O Projeto de Lei 781/2020, de autoria do senador Rodrigo Cunha (PSDB-AL), tem como um de seus objetivos exatamente propiciar condições para ampliação do número de Deams e, para tanto, prevê o uso de recursos do Fundo Nacional de Segurança Pública (FNSP). Outro foco desse projeto de lei é que as Deams funcionem ininterruptamente, pois, segundo o senador Fabiano Contarato (Rede-ES), “apenas 15% das delegacias especializadas existentes funcionam 24 horas por dia” (“Senado aprova projeto que prevê funcionamento ininterrupto para todas as delegacias da mulher”, G1, em 11/3/2021).
O PL 781 dispõe ainda que o atendimento às vítimas ocorra em sala reservada e preferencialmente por policiais do sexo feminino, que deverão receber treinamento para permitir sejam as vítimas recebidas de forma eficaz e humanitária. Nesse ponto, reafirma o artigo 10-A, caput, da Lei Maria da Penha, que determina que, em qualquer delegacia, o atendimento seja prestado por servidores preferencialmente do sexo feminino e previamente capacitados.
O ideal é que apenas mulheres atuem na Deam, mas as leis têm insistido em servidores “preferencialmente” do sexo feminino, e tal se dá porque o efetivo da Polícia Civil é composto majoritariamente por homens, o que dificulta a manutenção de um quadro exclusivamente feminino.

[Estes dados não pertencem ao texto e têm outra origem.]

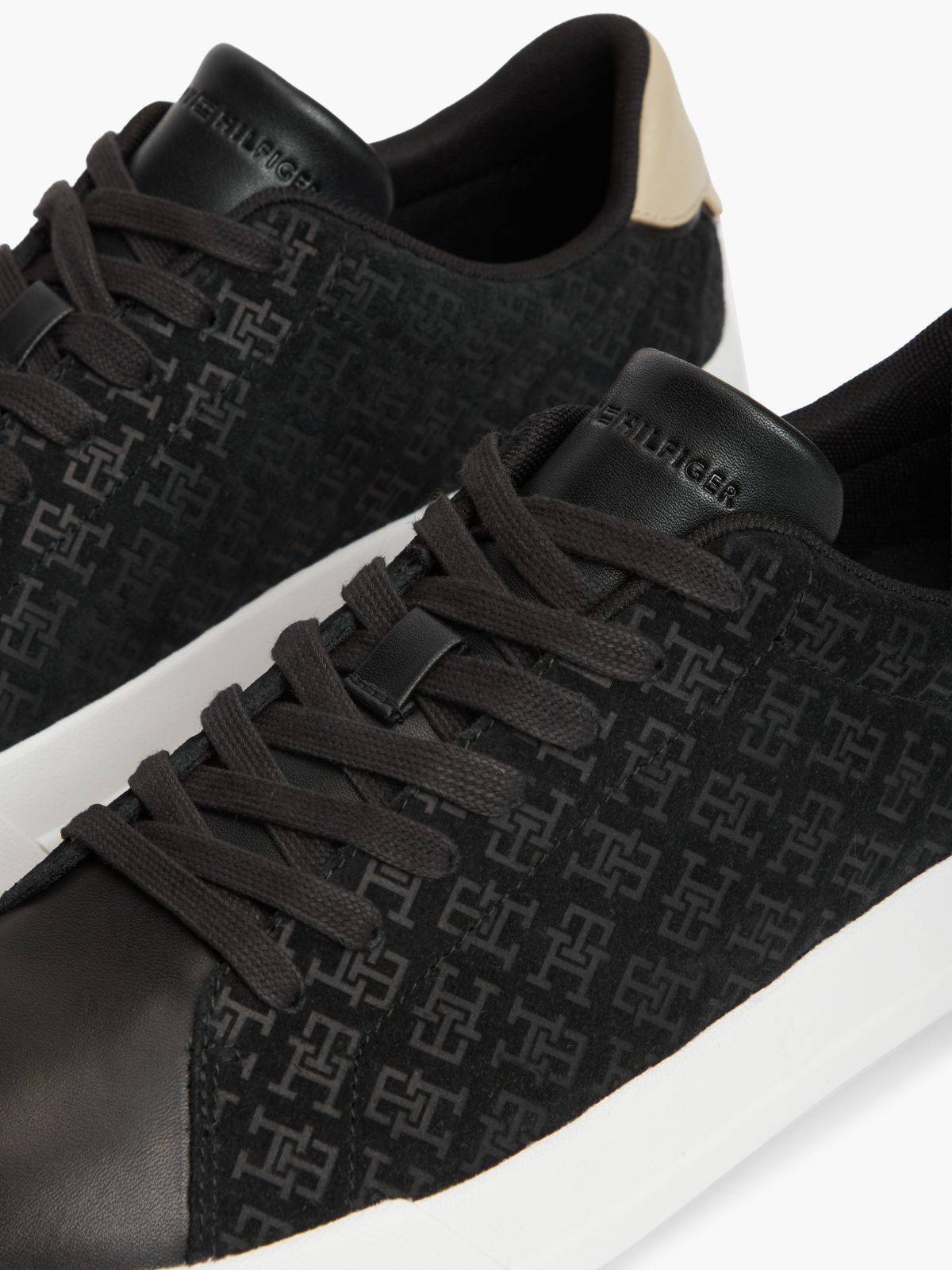 TH Monogram Suede Court Trainers — Black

Passadas quase quatro décadas desde a primeira Deam, soa tímido que tão poucas cidades tenham sido contempladas com essa delegacia. Precisamos instalar novas e reforçar as existentes, com portas abertas 24 horas por dia, em respeito à Constituição, à lei e, o que é fundamental, à demanda social. Afinal, a violência contra a mulher é grave, urgente e a vítima não pode esperar.